What you have to do >> Images are to be excluded from the copy, and the records below reproduced word for word.
Segment Open
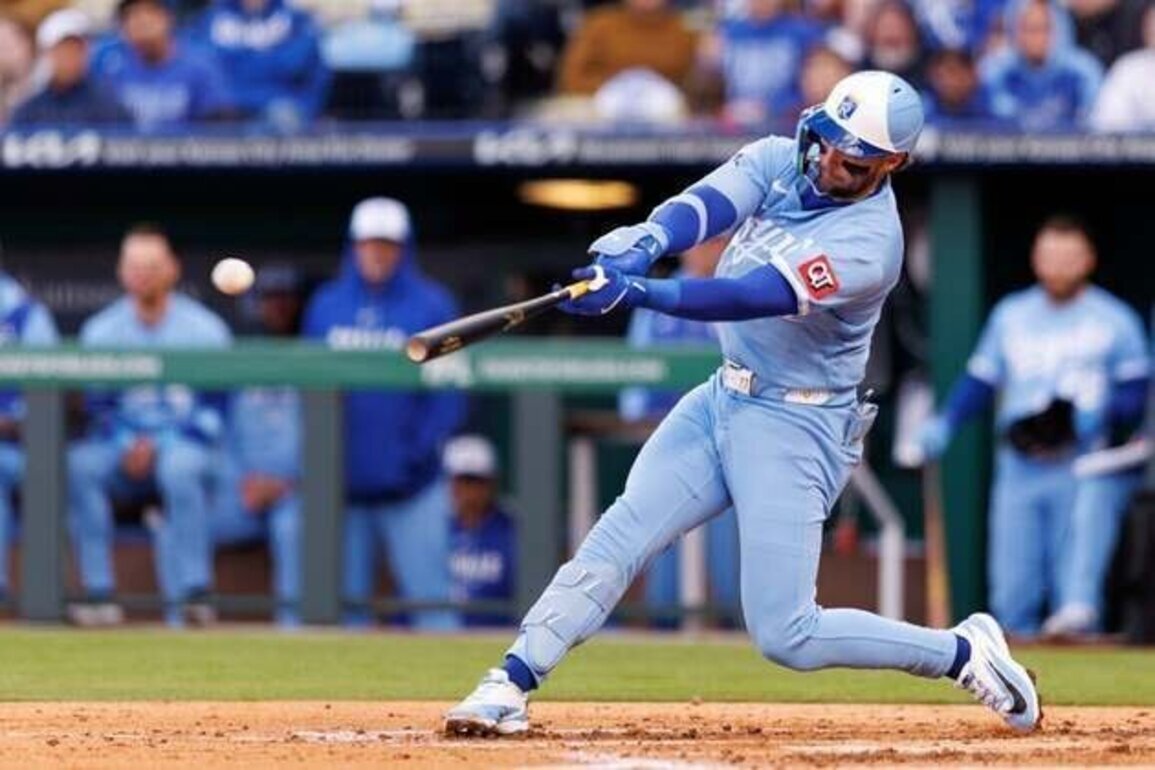 Royals' big inning earns doubleheader split vs. Brewers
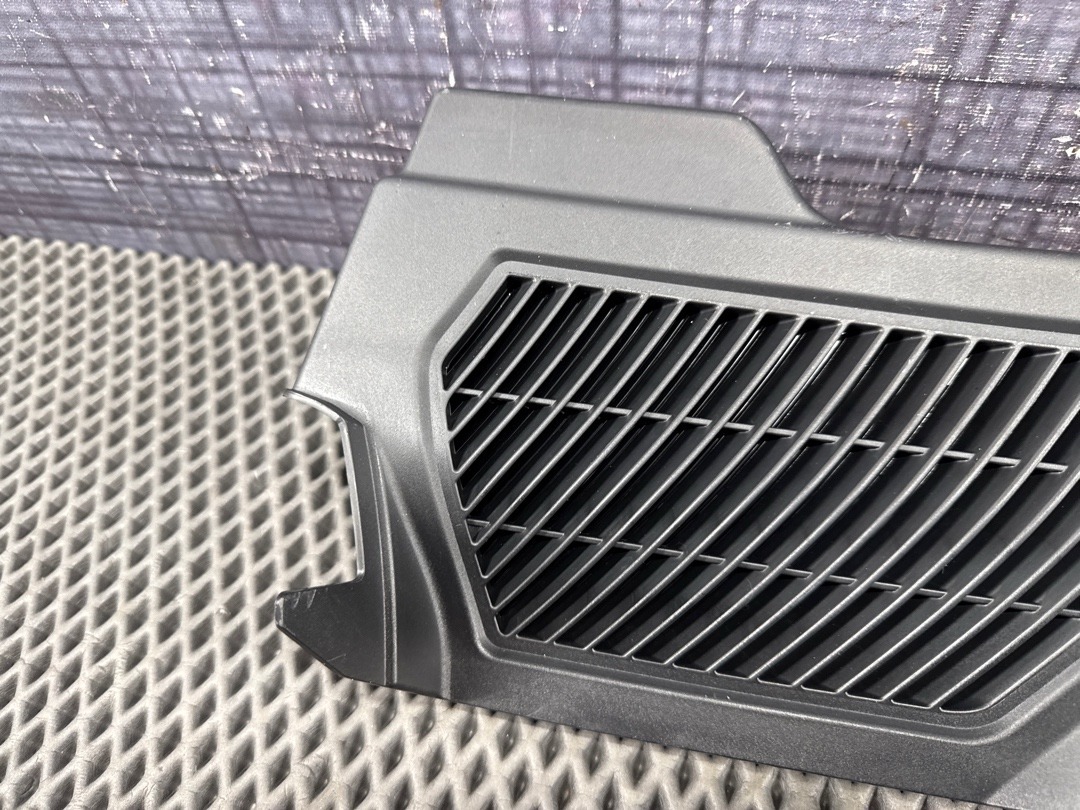 Пластик багажника, 1080 рублей, Красноярск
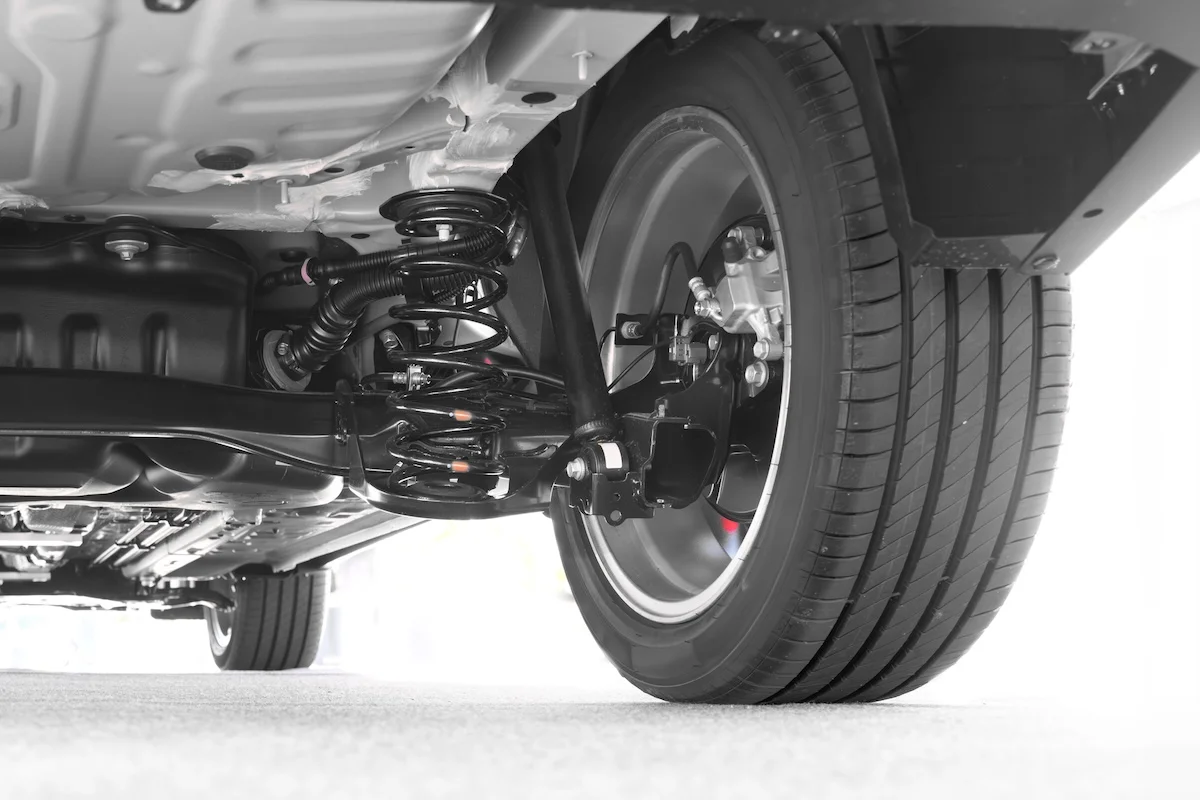 Suspensions Pneumatiques 0 Camping-car : Pourquoi faut-il préférer les suspensions pneumatiques ?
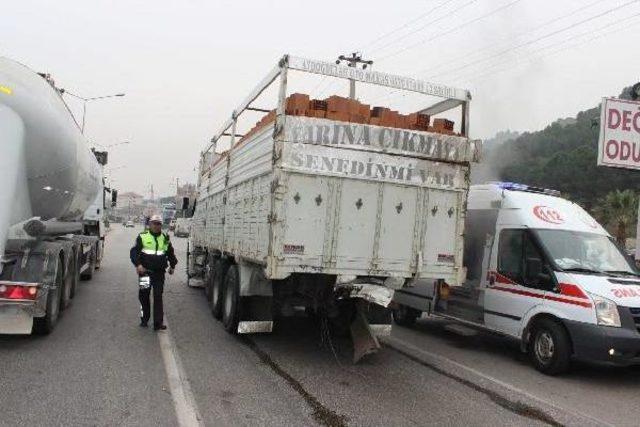 Çöp Kamyonu Ile Tuğla Kamyonu Çarpıştı: 1 Ölü, 2 Yaralı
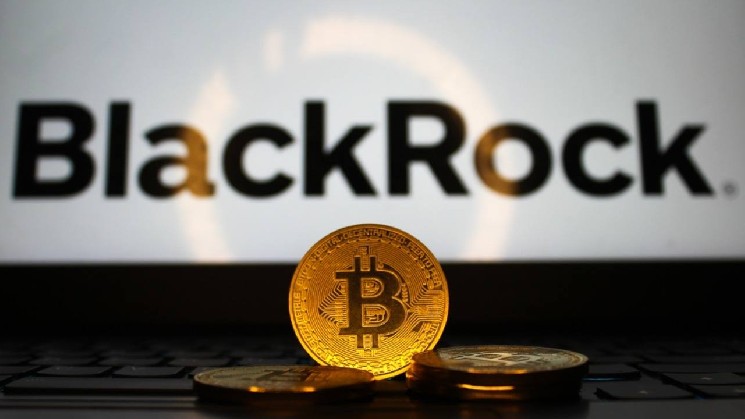Blackrock’s IBIT Sees $773 Million Weekly Exit as Bitcoin ETFs Lose $527 Million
Segment Closed
Answer below >>
 Royals' big inning earns doubleheader split vs. Brewers
 Пластик багажника, 1080 рублей, Красноярск
 Suspensions Pneumatiques 0 Camping-car : Pourquoi faut-il préférer les suspensions pneumatiques ?
 Çöp Kamyonu Ile Tuğla Kamyonu Çarpıştı: 1 Ölü, 2 Yaralı
Blackrock’s IBIT Sees $773 Million Weekly Exit as Bitcoin ETFs Lose $527 Million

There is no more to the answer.